(Short web captions)
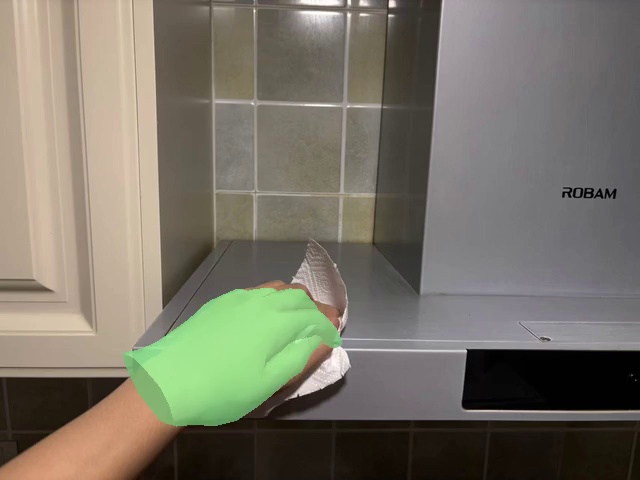 Wipe the range hood with the paper towel
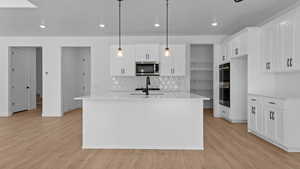 Kitchen with stainless steel appliances, white cabinetry, pendant lighting, and a center island with sink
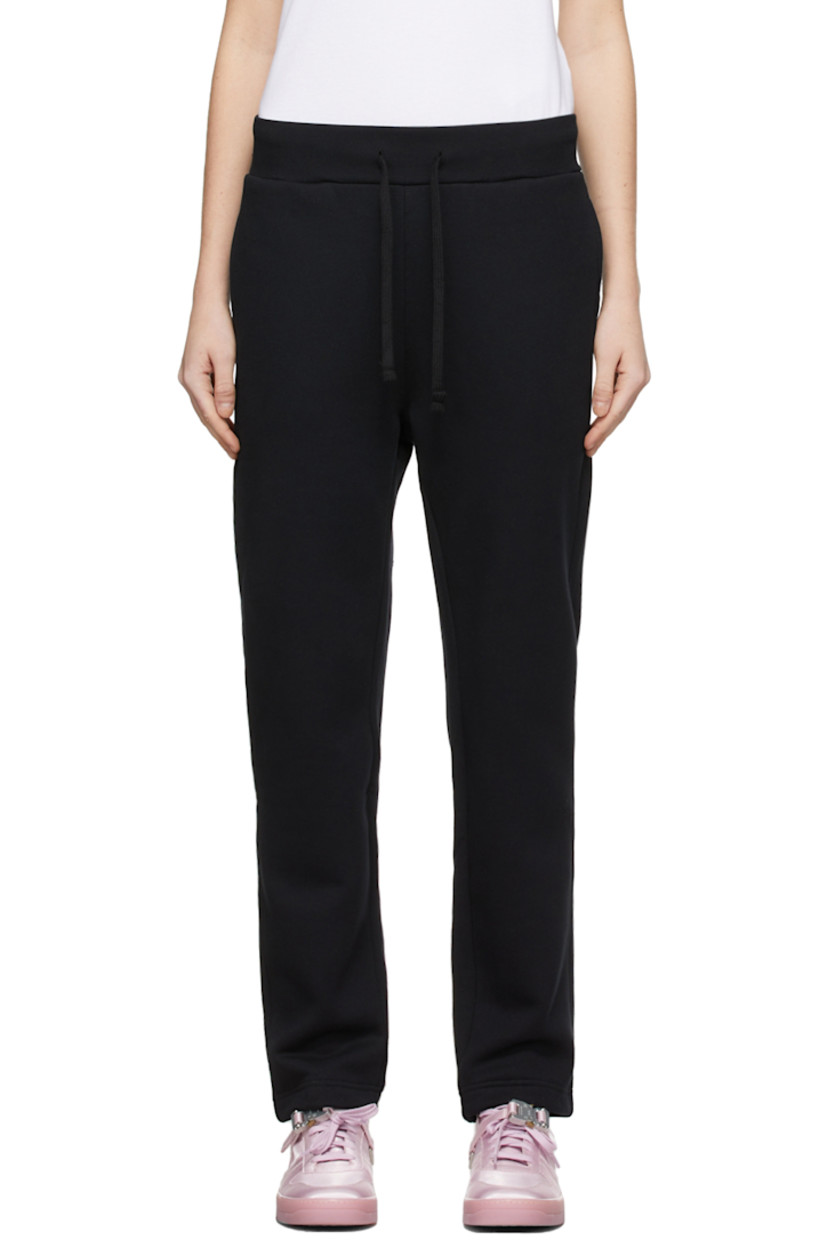 Relaxed-fit French terry lounge pants in black. 

· Mid-rise
· Drawstring at elasticized waistband
· Three-pocket styling
· Drawstring at cuffs
· Signature silver-tone lightercap detail at back

Supplier color: Black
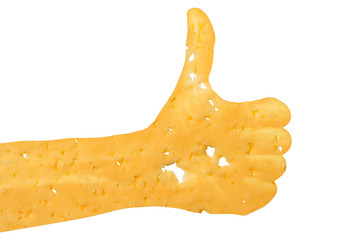 A hand cut out of cheese shows a “thumbs up” sign, a symbol of success, readiness, a task performed on a white isolated background.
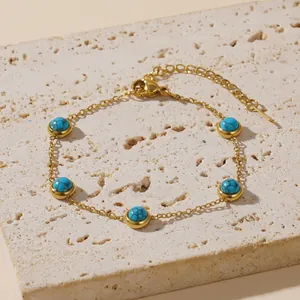 Goldenes Armband mit Türkis-Perlen auf einem natürlichen Steinhintergrund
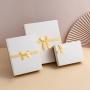 Luxury low price custom logo fancy cardboard personalised  t-shirt packaging box with ribbon ties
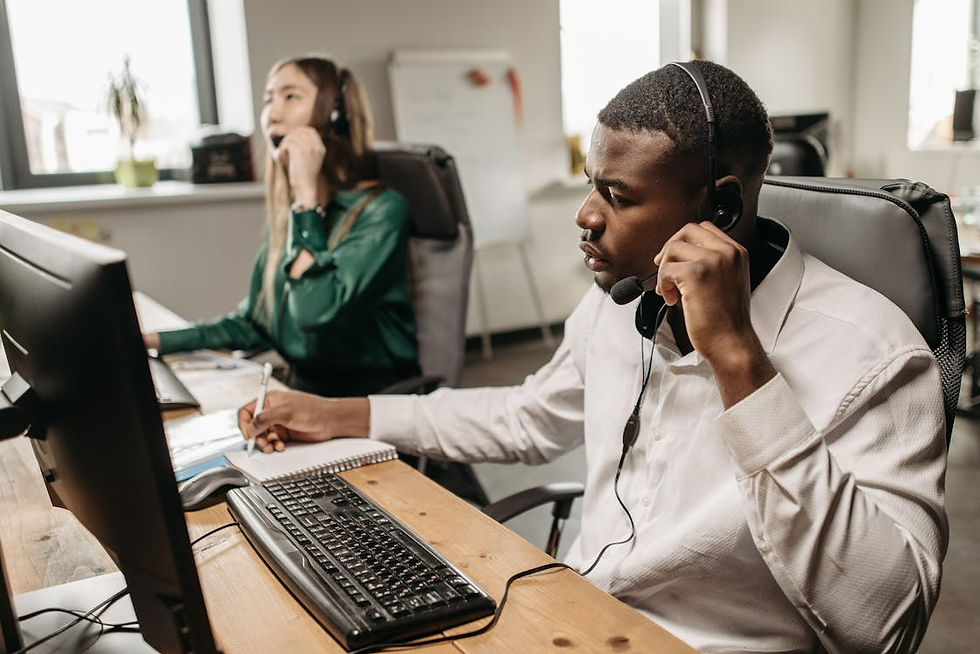 Two people in an office wearing headsets. One writes notes; the other talks. Computers and notepad are on a wooden desk. Daylight from windows.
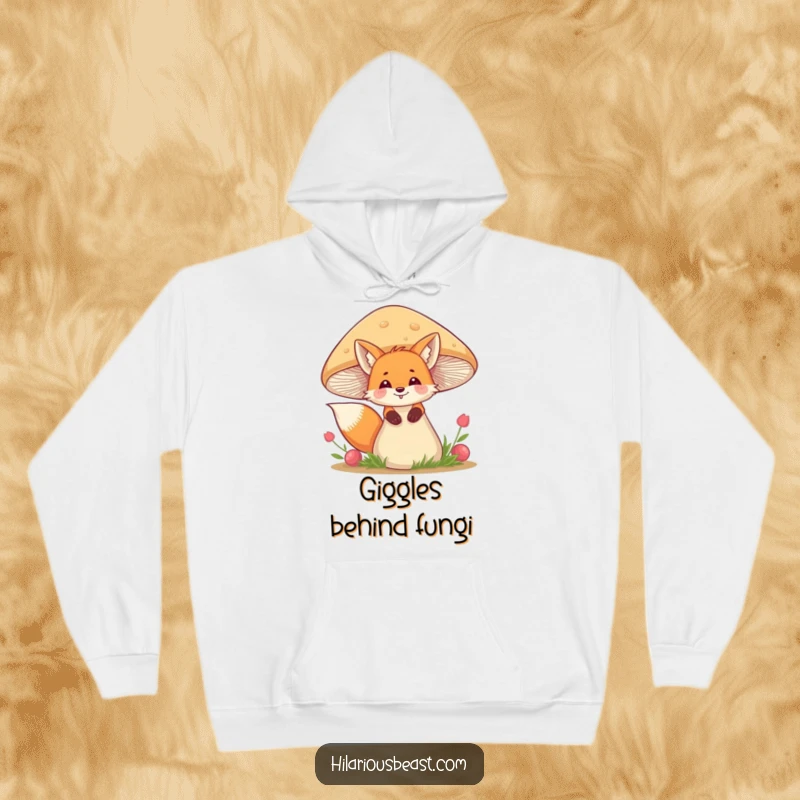 Funny fox hoodie with a giggling fox peeking mischievously from behind a large, wobbly mushroom, perfect for cozy fun.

**Required work:**
Your answer should consist solely of the lines above from the line with "at elasticized waistband" to the line with "Supplier color: Black", both included, reproduced exactly.

**Result below:**
· Drawstring at elasticized waistband
· Three-pocket styling
· Drawstring at cuffs
· Signature silver-tone lightercap detail at back

Supplier color: Black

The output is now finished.